§ **Task prompt**
Output the whole listing below exactly, omitting the images.

§ **Information provided**

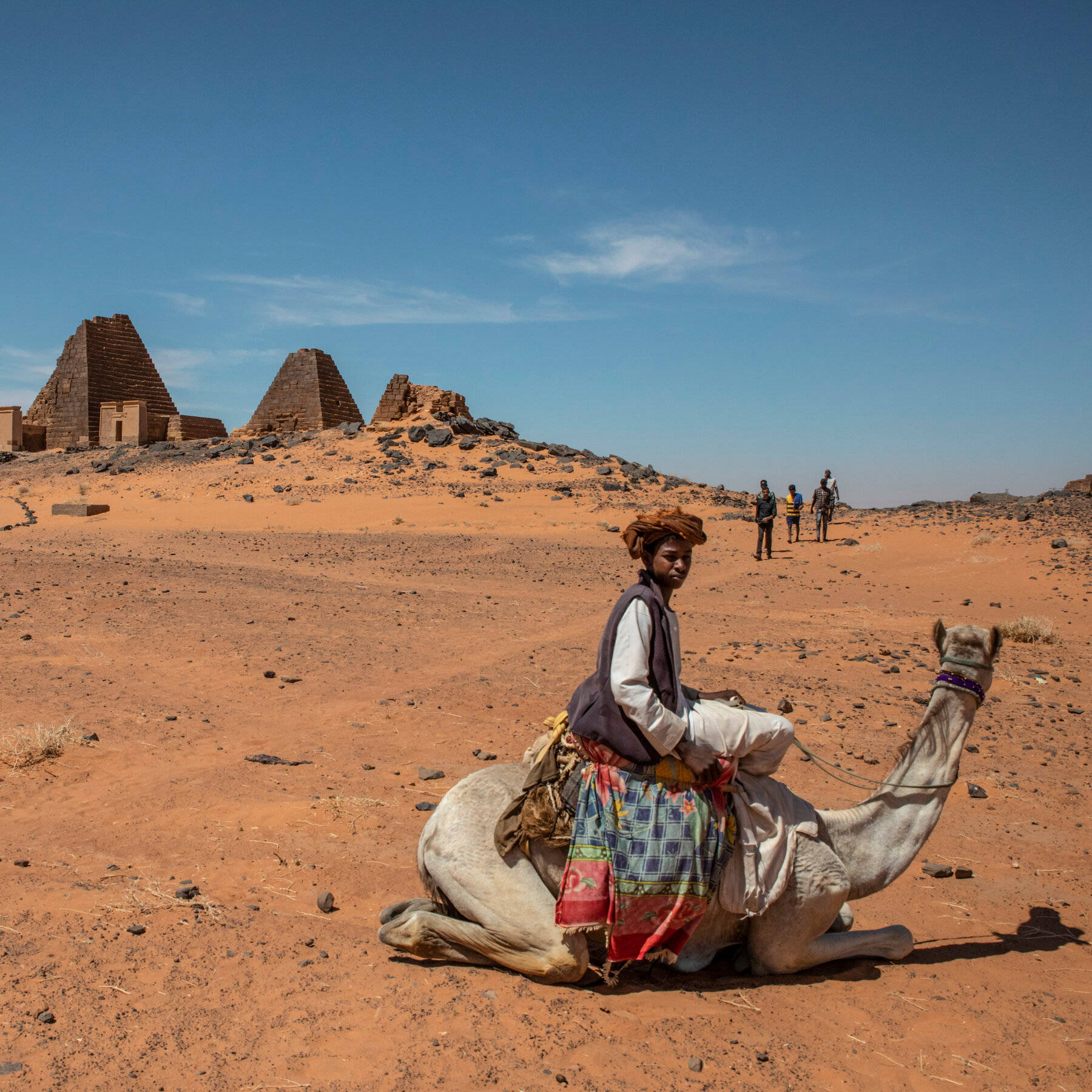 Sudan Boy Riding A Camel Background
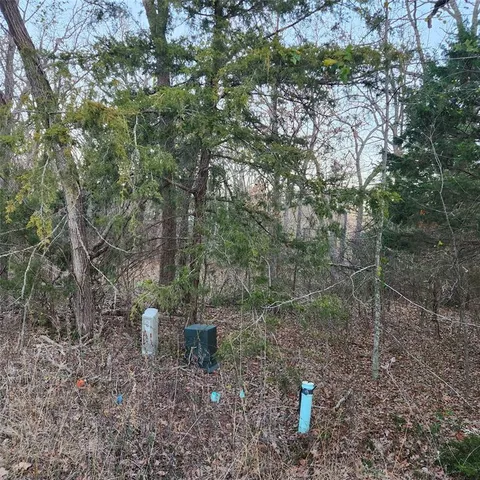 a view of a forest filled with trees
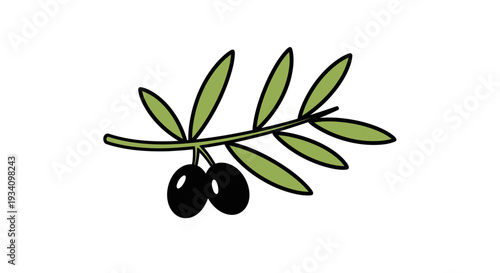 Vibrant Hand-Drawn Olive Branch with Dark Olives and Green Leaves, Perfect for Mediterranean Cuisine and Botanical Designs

§ **Output of the exercise**
 Sudan Boy Riding A Camel Background
 a view of a forest filled with trees
 Vibrant Hand-Drawn Olive Branch with Dark Olives and Green Leaves, Perfect for Mediterranean Cuisine and Botanical Designs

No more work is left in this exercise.